**The problem:**
Only the lines from the one containing "Beristirahat di taman hijau Nha Trang. Beristirahat" through the last line below belong in your copy; transcribe them exactly and omit any pictures.

**Information shown:**
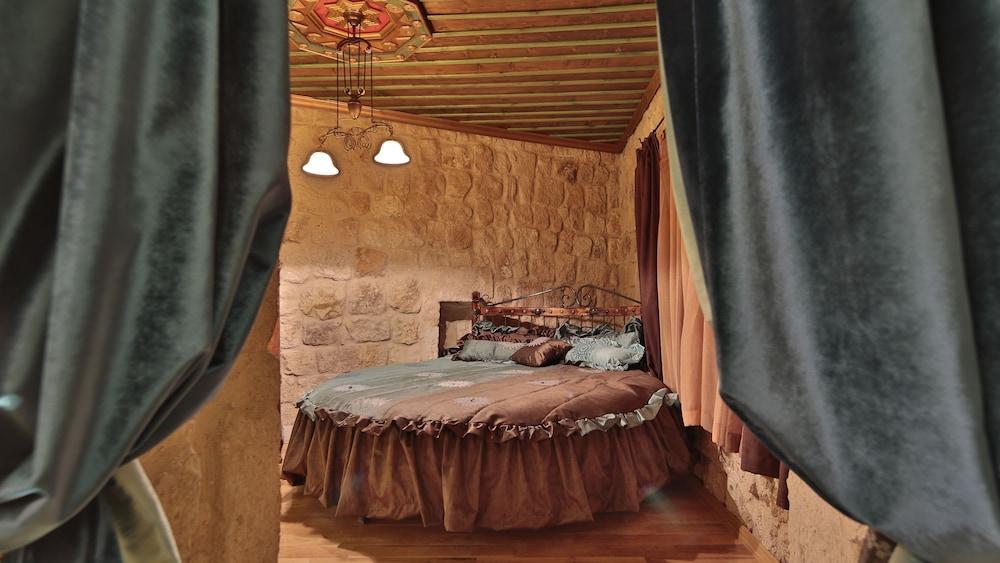 Golden Cave Suites - Room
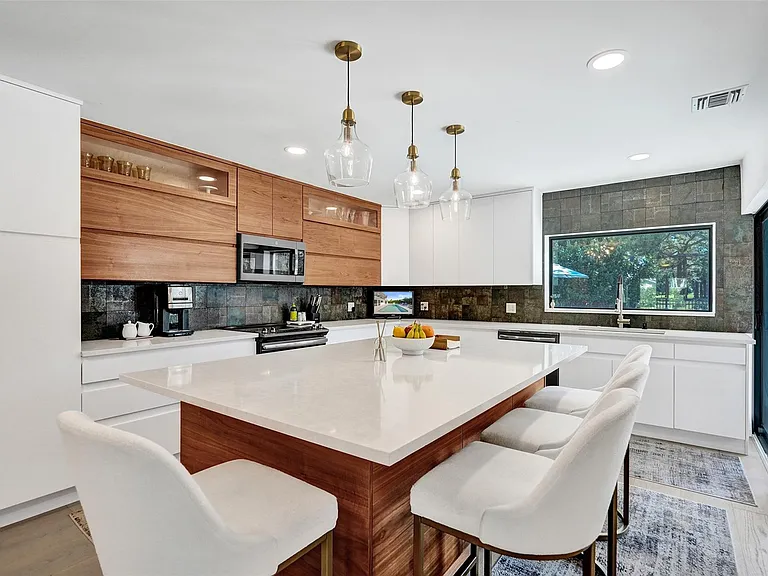 614 Lakewoode Cir W — Photo 8
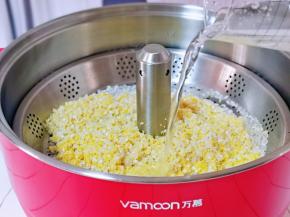 加入纯净水，水量与提篮平行即可。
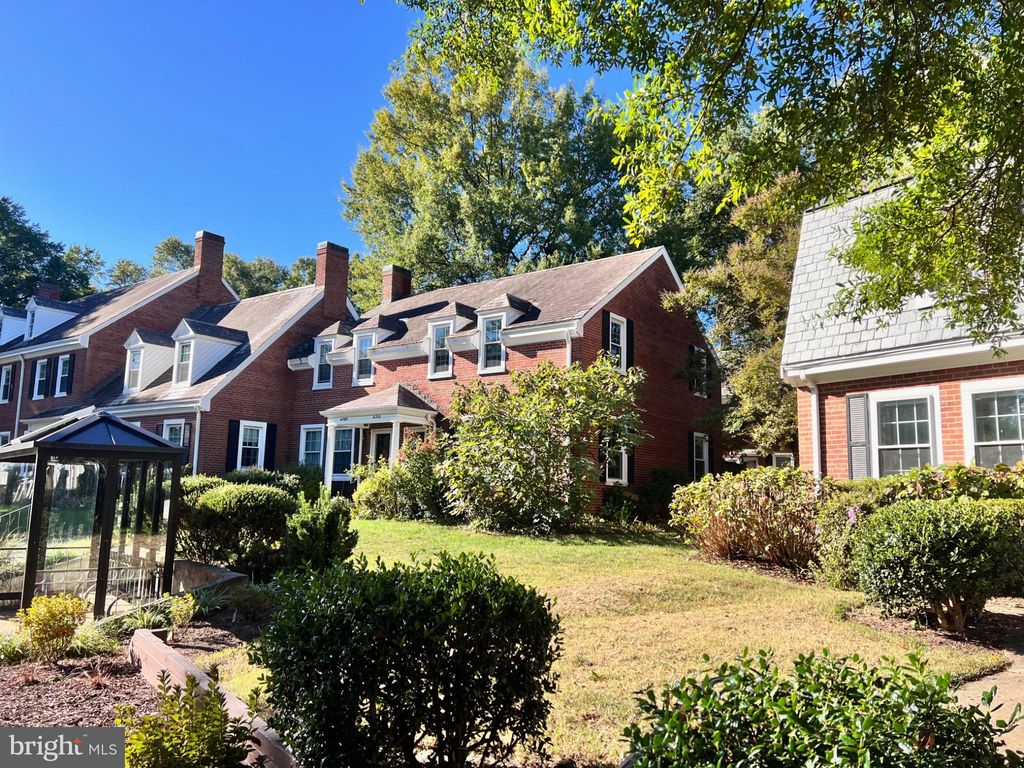 Photo of 4310 36th Street S, ARLINGTON, VA 22206 (MLS # VAAR2065074)
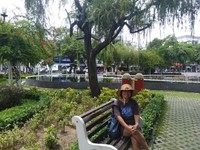 Beristirahat di taman hijau Nha Trang. Beristirahat di taman hijau Nha Trang.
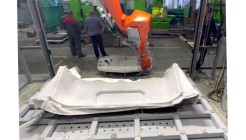Роботизированный комплекс гидрорезки пластиковых изделий на базе роботов KUKA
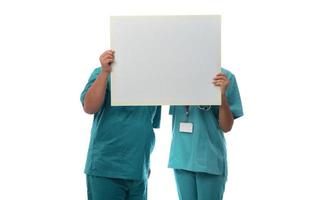Ärzte mit leeren Banner auf einem weißen Hintergrund isoliert foto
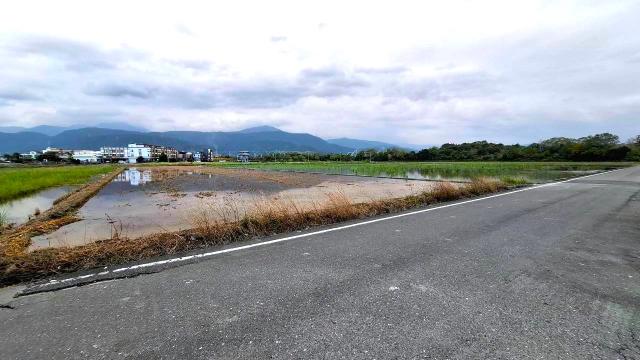 宜蘭土地房屋｜冬山河旁足坪超便宜農地 照片 4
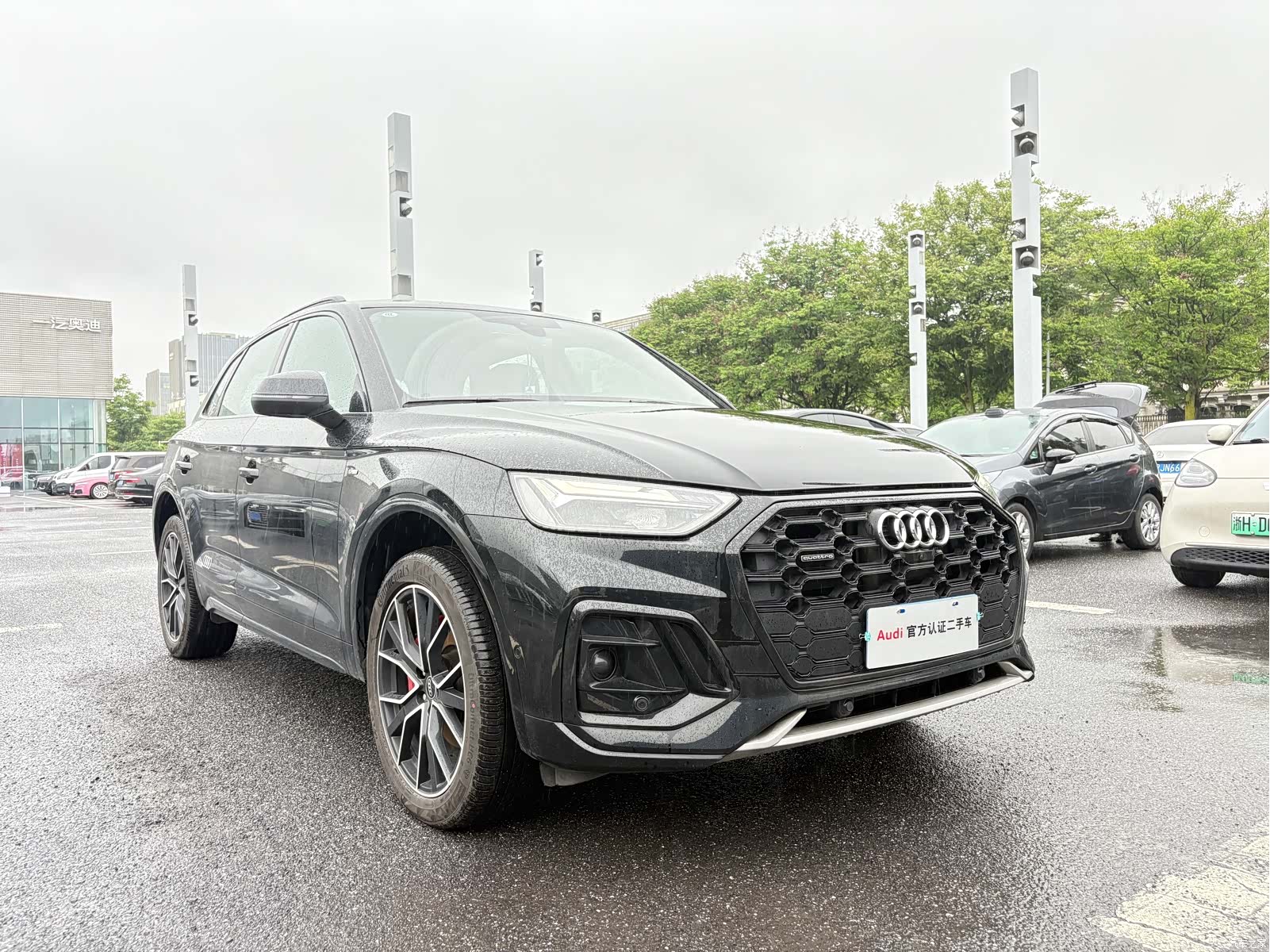 Audi Q5L, 2025 3
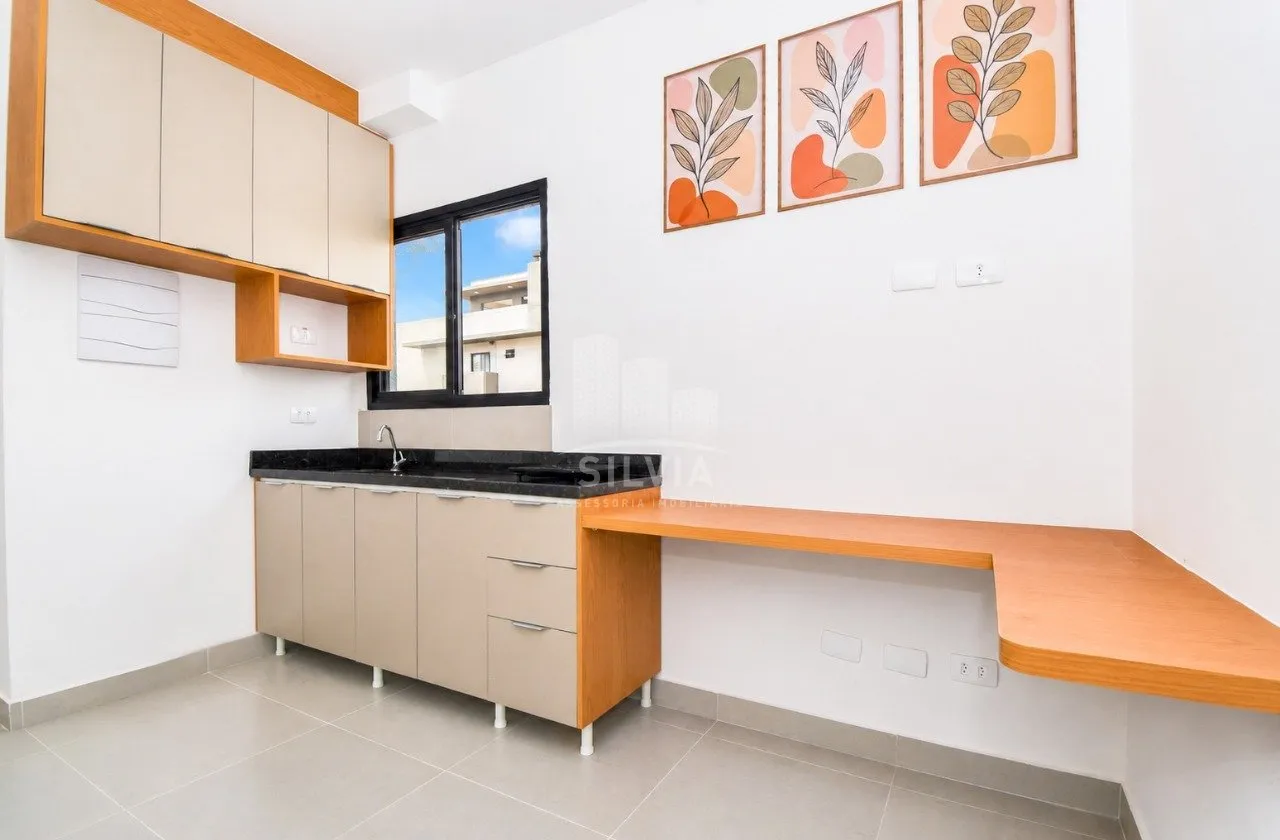 One-bedroom apartment in a building with a coworking space — photo 2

**Exercise response:**
 Beristirahat di taman hijau Nha Trang. Beristirahat di taman hijau Nha Trang.
Роботизированный комплекс гидрорезки пластиковых изделий на базе роботов KUKA
Ärzte mit leeren Banner auf einem weißen Hintergrund isoliert foto
 宜蘭土地房屋｜冬山河旁足坪超便宜農地 照片 4
 Audi Q5L, 2025 3
 One-bedroom apartment in a building with a coworking space — photo 2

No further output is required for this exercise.